Parte de esta disidencia es que el anonimato es, a la vez, política de la multiplicidad. No hay un solo sujeto, ni una sola voz. Al elegir el anonimato, una obra (o un colectivo) se aleja de la lógica del “yo” individual, del testimonio único, del relato cerrado, y abre la posibilidad a una voz múltiple, coral, inestable. Es decir, lo que se dice ya no pertenece a un individuo identificable, lo que se muestra puede tener mil rostros o ninguno, y el sentido se construye entre muchos, o incluso se dispersa. Lo anónimo permite que hablen los muchos. Al no firmar, no atribuirse, no delimitar, se permite que otros se reconozcan, que se apropien, que continúen, como pasa con los manifiestos colectivos, el cine militante sin créditos personales, y las prácticas artísticas donde lo importante no es quién, sino qué y cómo.

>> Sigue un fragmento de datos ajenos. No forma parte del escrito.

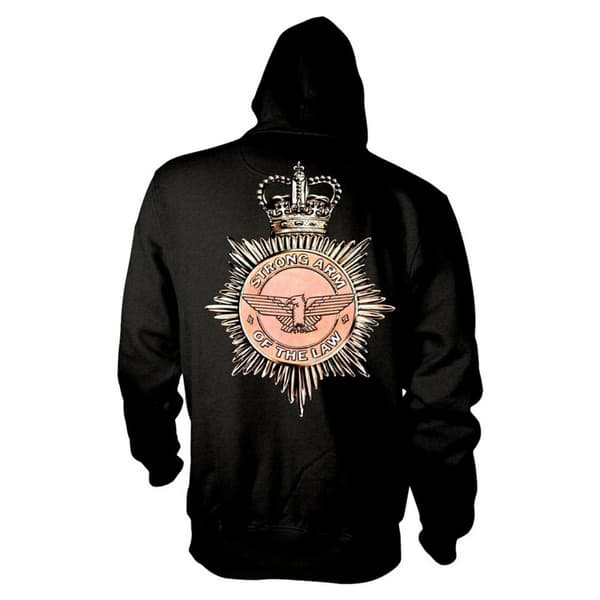 Saxon Unisex Adult Strong Arm Of The Law Full Zip Hoodie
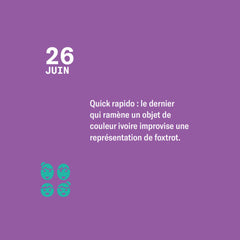 Calendrier jour après jour - Parents vs enfants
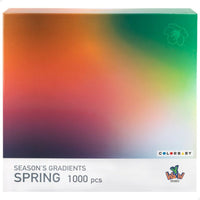 Puzzle Colorbaby Season's Gradients Spring 68 x 50 cm (6 Stück)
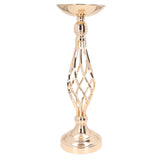 Table Candlestick Ornament Iron Twisted Curb Candle Holder Decorative Ornament Wedding Candlestick Decoration Gold S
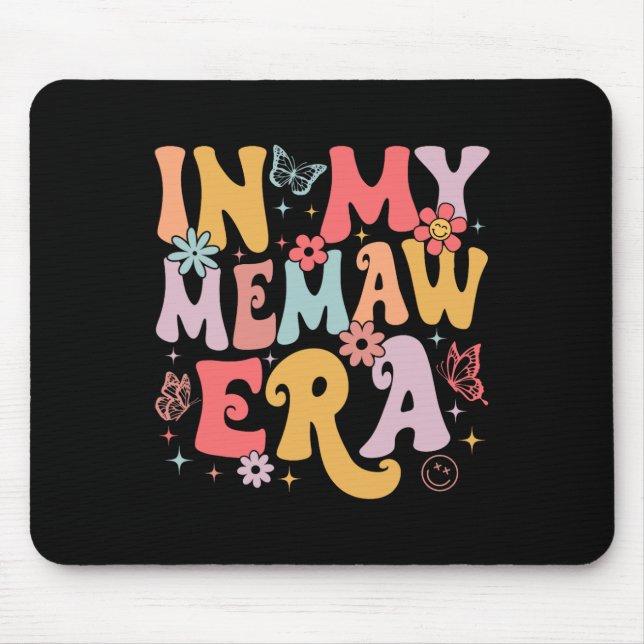 In meiner Memaw Ära erleben Groovy Retro Mütter Da Mousepad (Vorne)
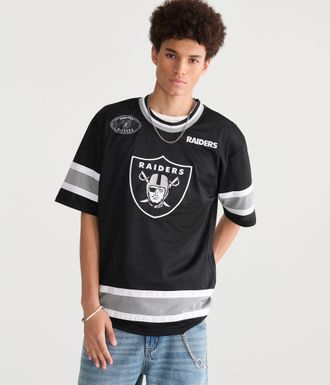 A&eacute;ropostale Las Vegas Raiders Football Mesh Top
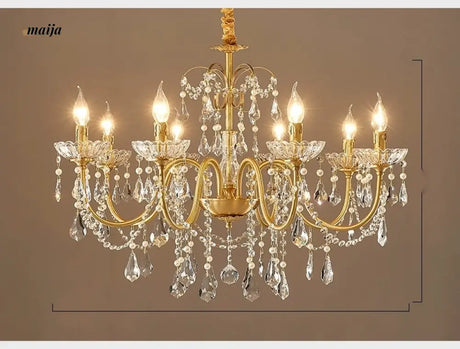 NANCY French Retro Crystal Chandelier Romantic Style from NANCY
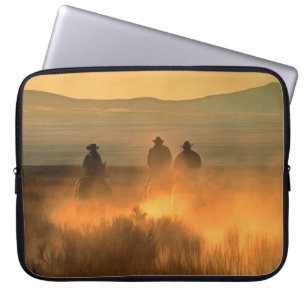 Cowboy Trio: Mountainous Background Gallop. Laptop Sleeve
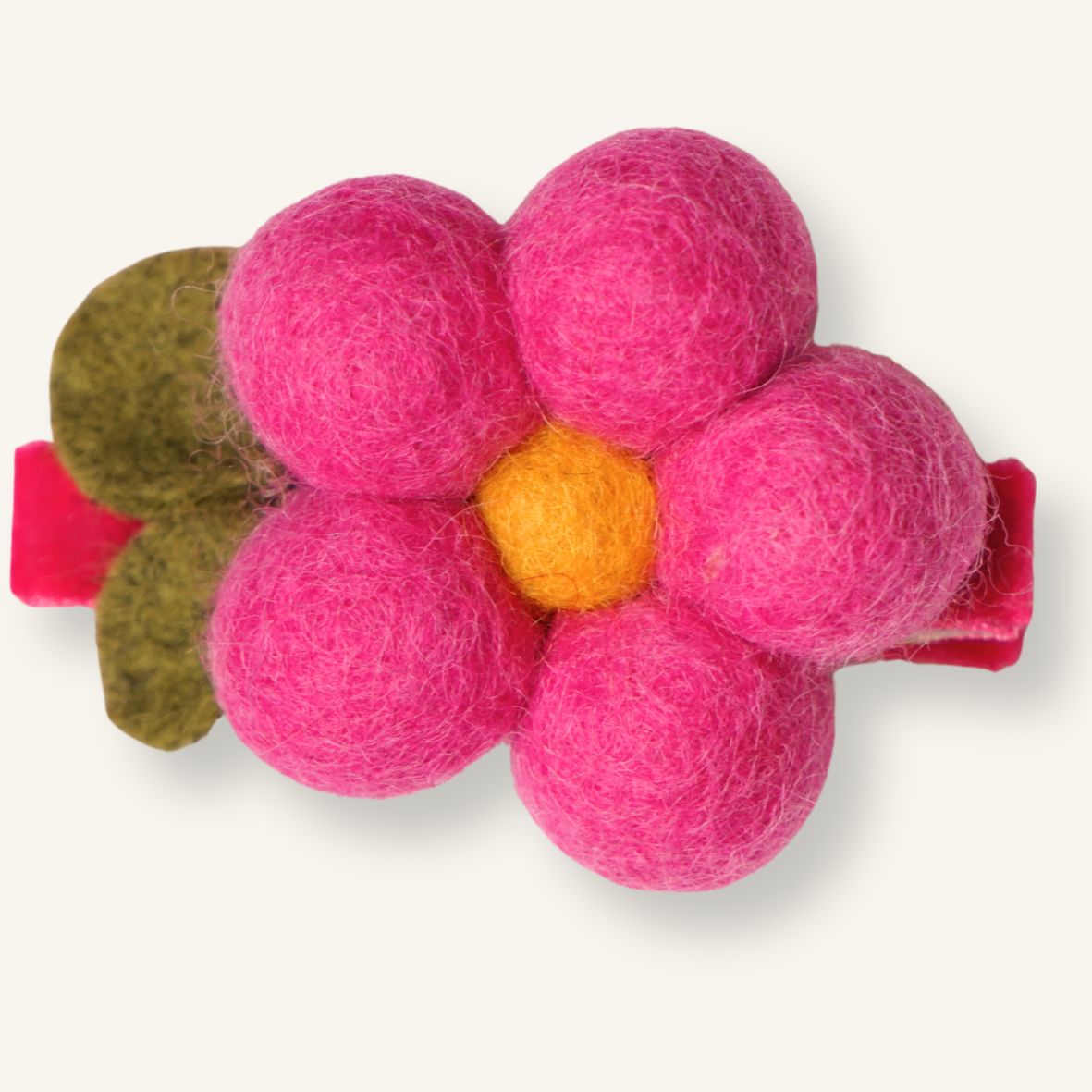 Hairclip // Hot Pink Daisy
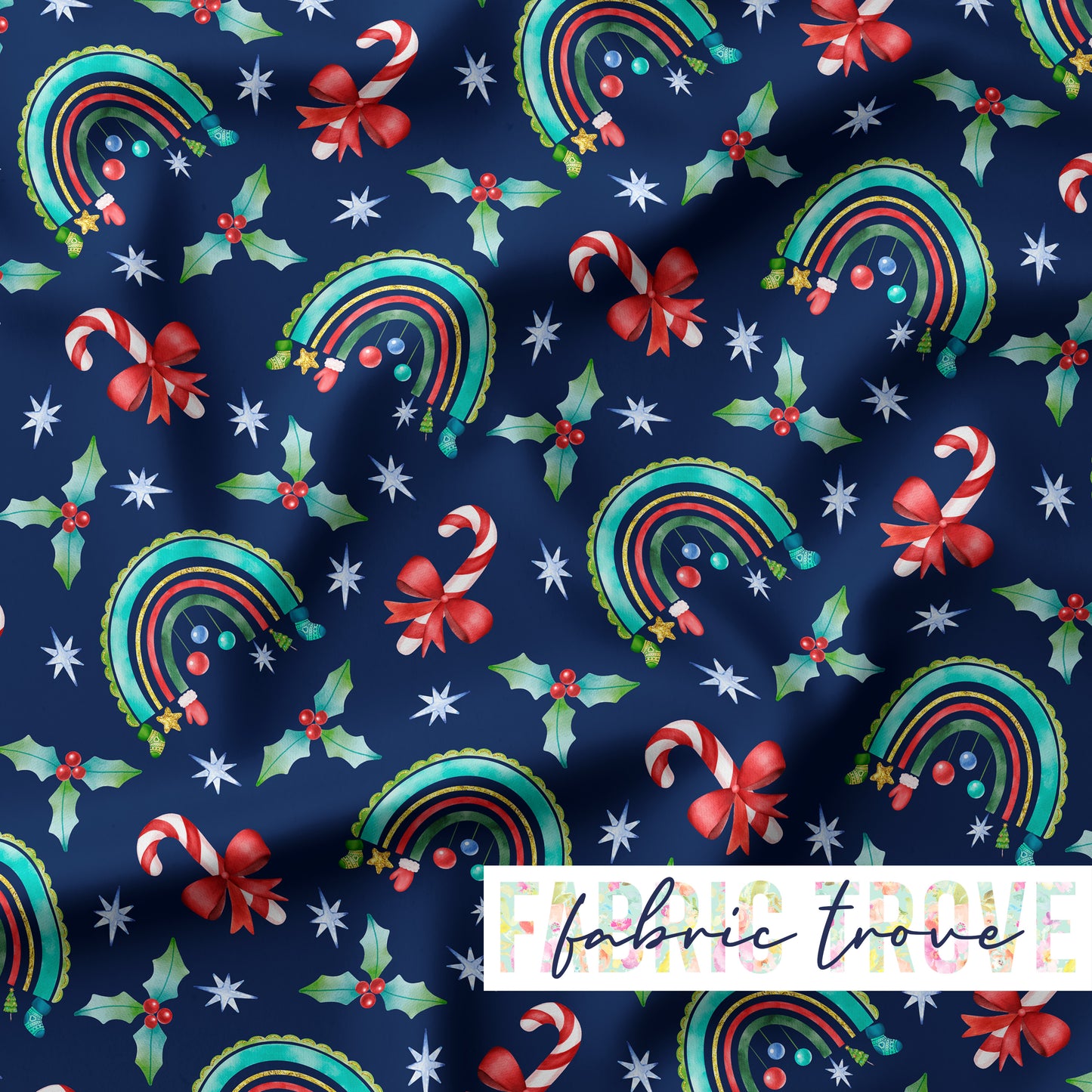 PO #Christmas - Christmas Bow Navy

¿Por qué quiero hablar y reseñar este texto? porque en todo lo planteado por Rudy aparece una política de la multiplicidad. No es solo estética o método, sino una apuesta política: romper con la lógica del “uno” (un autor, un héroe, una víctima, un mártir) y abrirse a lo común, lo compartido, lo no centralizado. En vez de representar una identidad, se encarna una posibilidad de muchas.
En resumen, recomiendo no sólo la lectura de este texto, por las tesis que he logrado esclarecer de manera más detallada, sino porque tiene líneas de lectura que permiten resignificar el quehacer cinematográfico, a la vez que cuestionar distintos regímenes perceptuales que, inconscientemente, reproducimos y que abren el espacio a verticalidades e in-visibilidades que, desde la apuesta de Rudy, pueden escapar de dicha censura.